Estimates should be ‘reviewed and assured’. This is something you can implement regardless of the size of project – as long as you have more than one person in the team who has an opinion about the estimate.

The guidance says:

“Cost estimates that are reviewed and assured appropriately will be improved and become more reliable, further driving project discipline.”

You might already be doing this informally: a quick check in a team meeting, for example: “Is everyone OK with that if I put it into the figures at £5k?” But making a review a formal part of your estimating will elevate your practice and hopefully create more robust budgets.

Here’s how to do it.

1. Make it clear you will be reviewing cost estimates

As a team, explicitly call out that there will be a review and assurance process in place. Make sure you know what that is, and when it will be used. For example, as you prepare documentation to get sign off to move the project into another phase, or during backlog grooming etc. The whole process needs to be designed to remove ambiguity, so consider outlining what the inputs and outputs of the process will be and what triggers need to be reached to kick off a review.

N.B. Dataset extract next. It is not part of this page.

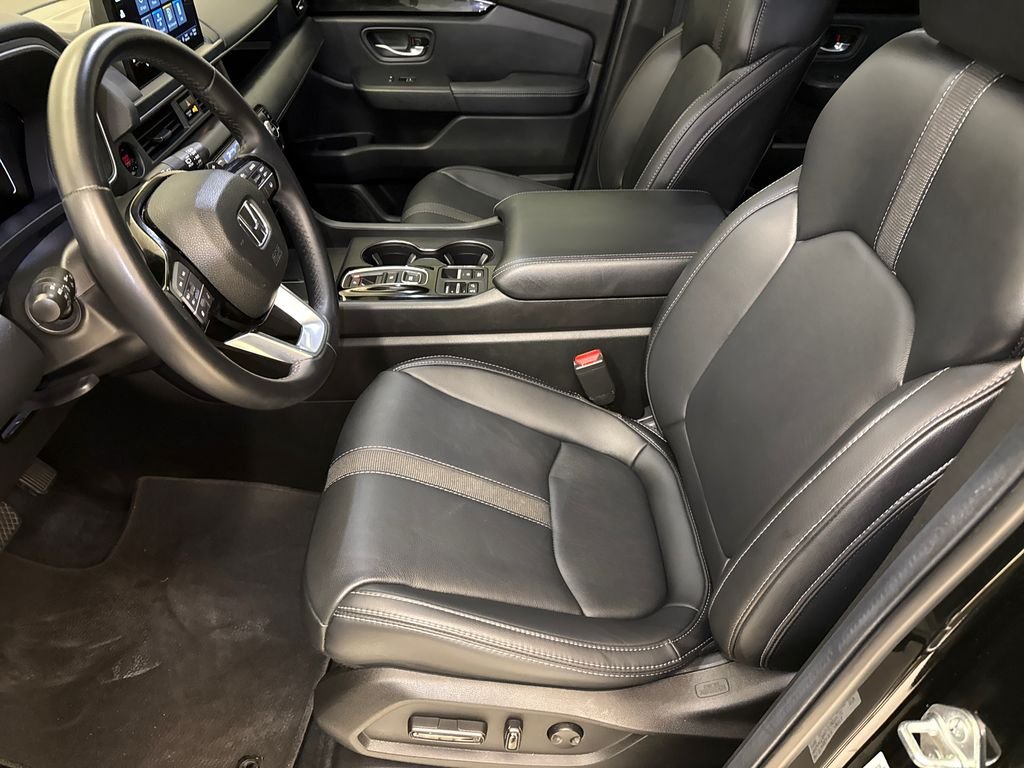 2025 Honda Pilot EX-L - Photo 18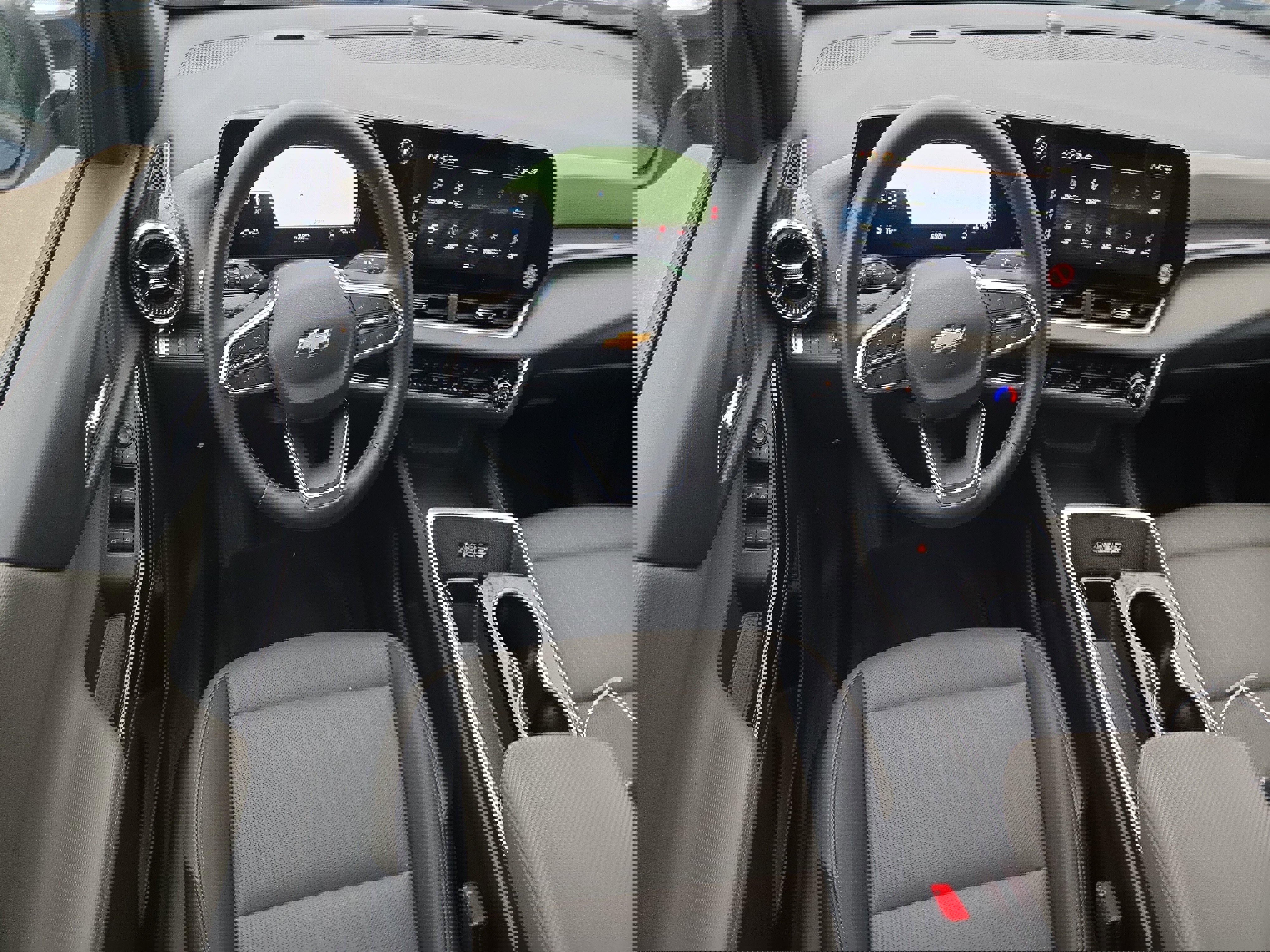 Used 2025 Chevrolet Equinox LT w/ Convenience Package II image 13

The IPA guidance doesn’t mandate a review process but does say people in the review and assurance roles should be independent and make sure the process is robust and followed. Document the process so everyone knows what is coming. Ideally, the review team should stay the same throughout the project to provide some continuity, and now is the perfect time to plan to make that happen, allocating resources who can follow the project through its lifecycle.

If there will be different types of reviews (or reviewers) for different things, make that clear.

2. Find standard methodologies to compare against

So you don’t have any data in house to act as your benchmark? You will, with time, if you start collecting it now. Alternatively, check in with your colleagues or see if there is any available industry benchmark data that will help you assure your in-house estimates.

3. Schedule reviews

The easiest way to review cost estimates is a simple peer review process. Get colleagues to review each other’s schedule estimates (as these translate into financial amounts if you are charging clients by the hour) and budget estimates where these are not based on formal supplier quotes.

Where your project warrants it, block out the time for formal reviews. Independent assurance is particularly useful when it’s timed to coincide with ‘big’ events on the project like the approval of a business case for the next phase, for example.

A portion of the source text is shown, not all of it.